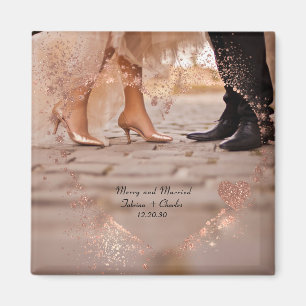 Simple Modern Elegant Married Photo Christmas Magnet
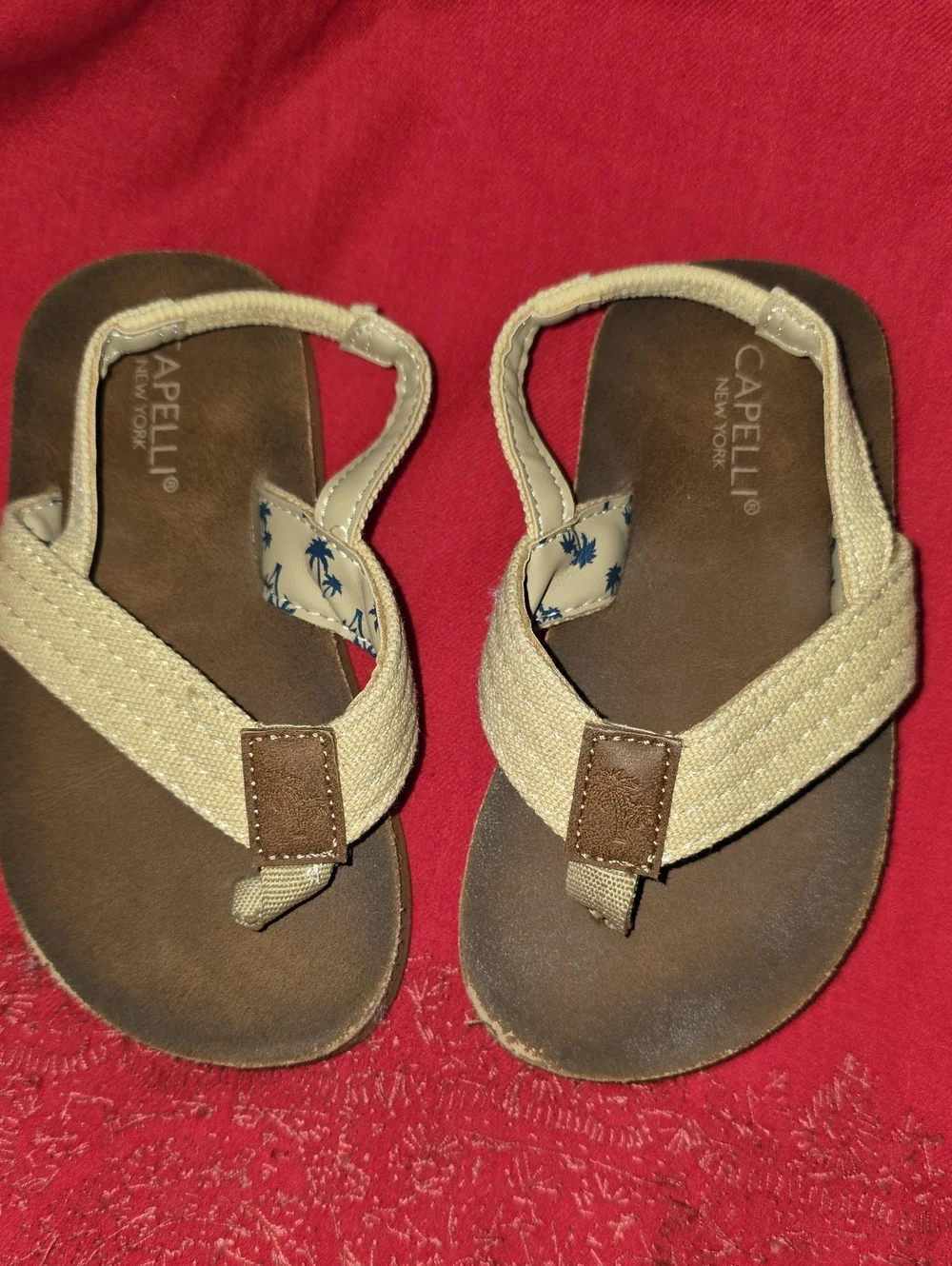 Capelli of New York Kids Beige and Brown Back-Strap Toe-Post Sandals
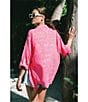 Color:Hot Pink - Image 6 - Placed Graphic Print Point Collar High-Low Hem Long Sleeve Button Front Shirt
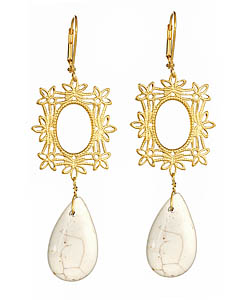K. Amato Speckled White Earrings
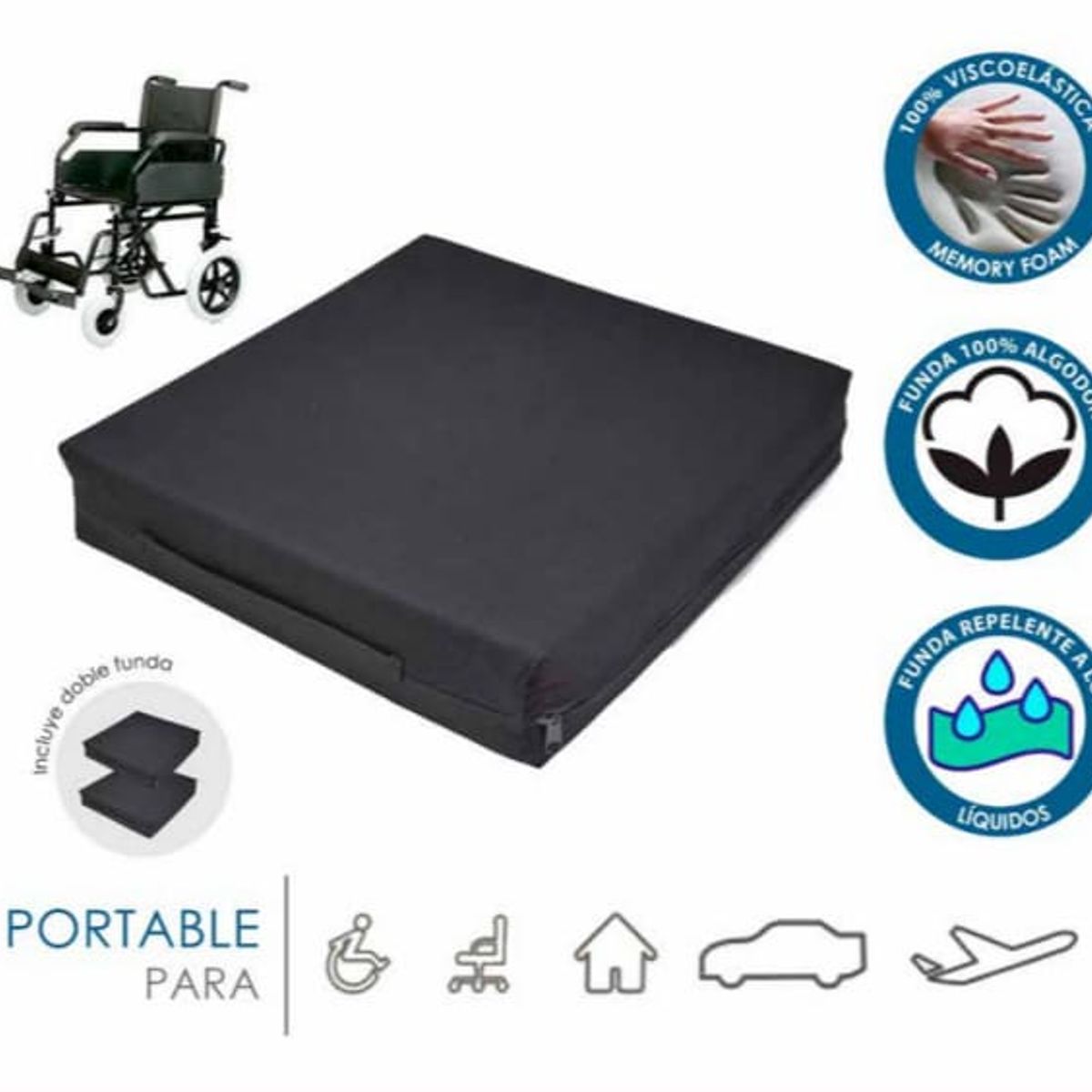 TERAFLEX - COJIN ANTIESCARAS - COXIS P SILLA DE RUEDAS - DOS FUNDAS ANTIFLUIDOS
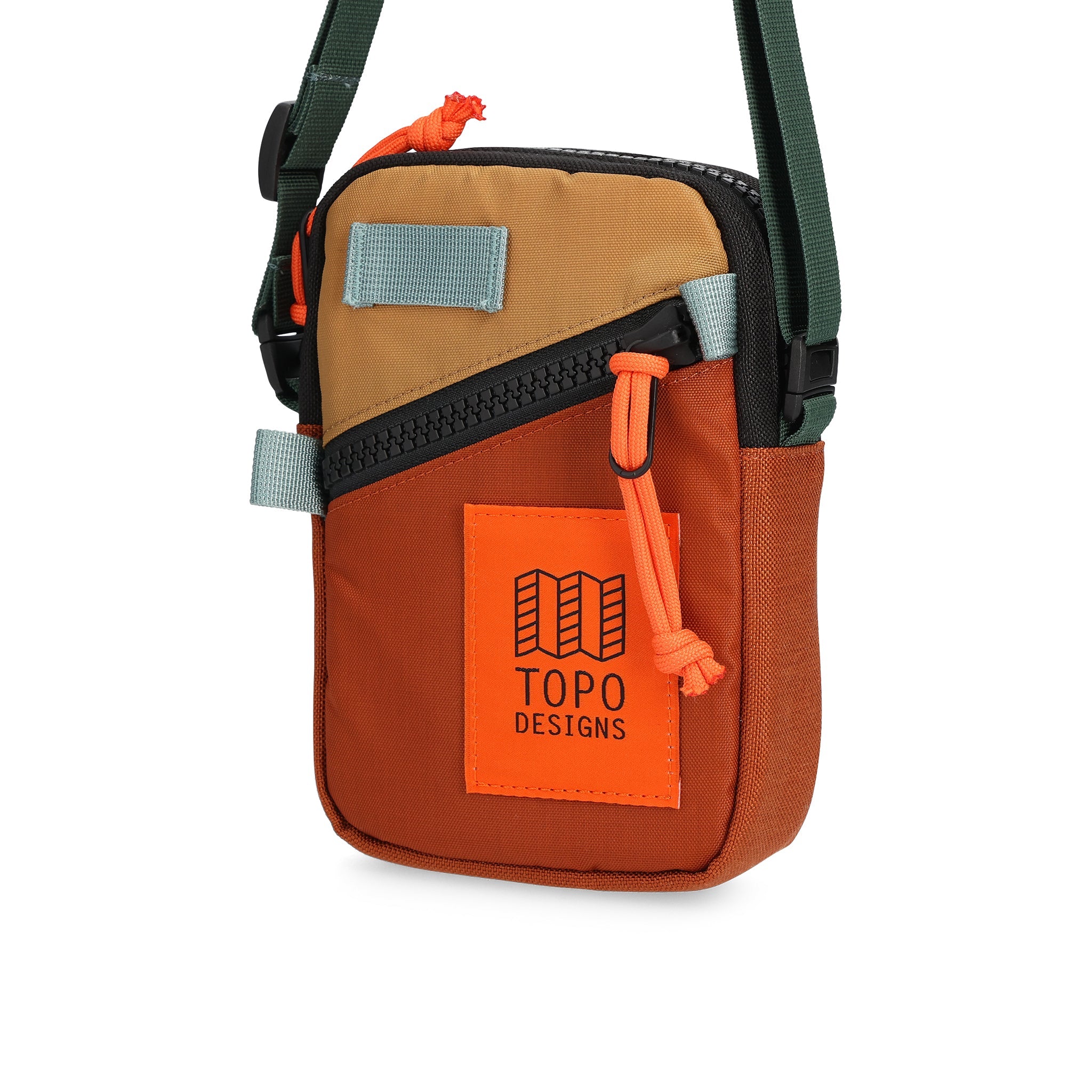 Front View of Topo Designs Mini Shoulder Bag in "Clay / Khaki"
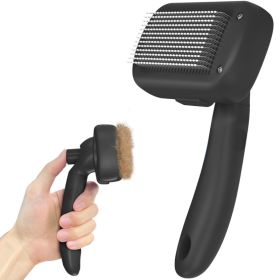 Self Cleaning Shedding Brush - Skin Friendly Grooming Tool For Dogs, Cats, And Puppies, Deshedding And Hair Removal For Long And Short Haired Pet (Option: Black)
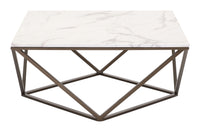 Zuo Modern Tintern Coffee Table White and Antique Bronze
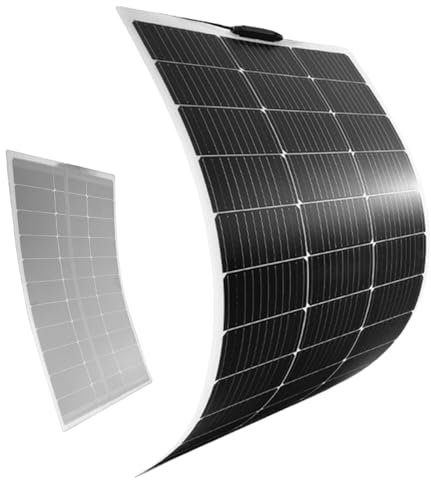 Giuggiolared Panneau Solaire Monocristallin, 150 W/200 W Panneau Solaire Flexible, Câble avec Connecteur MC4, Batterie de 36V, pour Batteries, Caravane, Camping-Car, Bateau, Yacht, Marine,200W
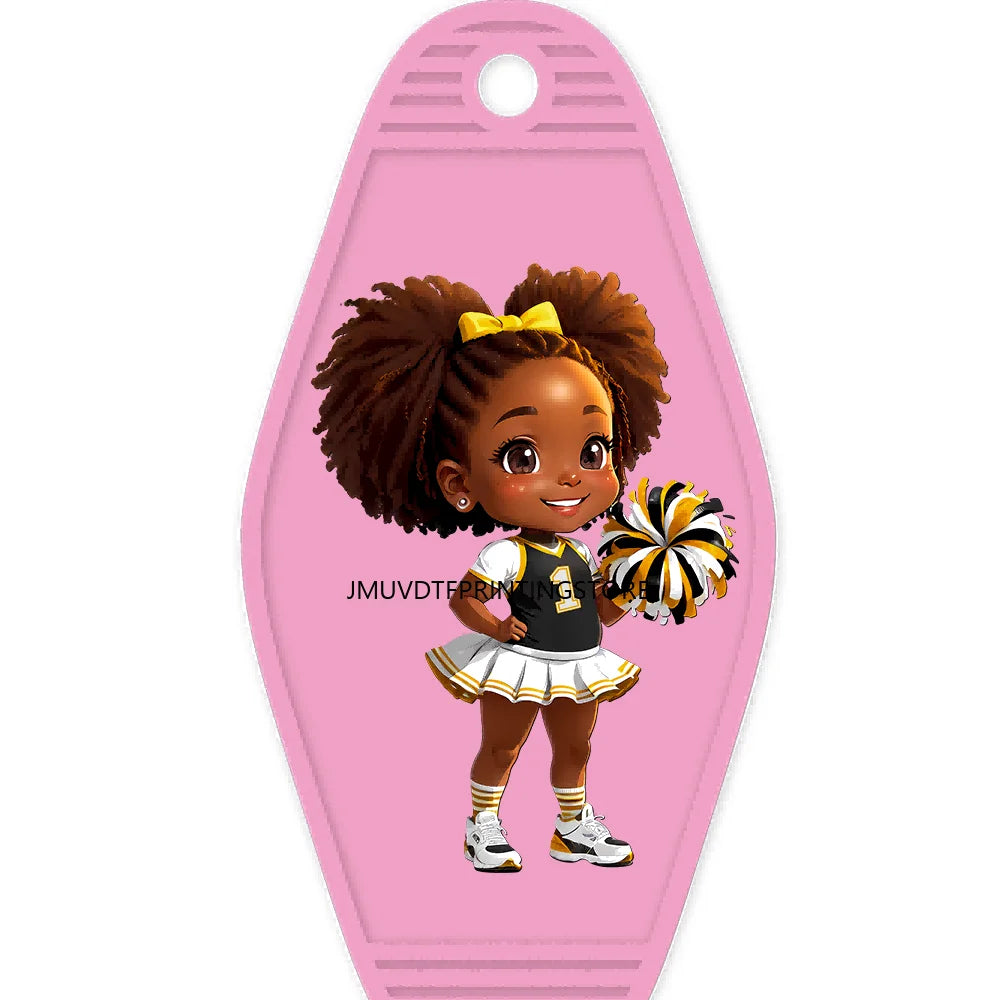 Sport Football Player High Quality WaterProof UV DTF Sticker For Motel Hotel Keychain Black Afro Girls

WHAT YOU HAVE TO DO >> Leaving out all pictures, set down exactly the lines of the material above, from the line with "Capelli of New" to the line with "Front View of" inclusive, and no others.

WRITTEN REPLY >>
 Capelli of New York Kids Beige and Brown Back-Strap Toe-Post Sandals
 Color:Hot Pink - Image 6 - Placed Graphic Print Point Collar High-Low Hem Long Sleeve Button Front Shirt
K. Amato Speckled White Earrings
 TERAFLEX - COJIN ANTIESCARAS - COXIS P SILLA DE RUEDAS - DOS FUNDAS ANTIFLUIDOS
 Front View of Topo Designs Mini Shoulder Bag in "Clay / Khaki"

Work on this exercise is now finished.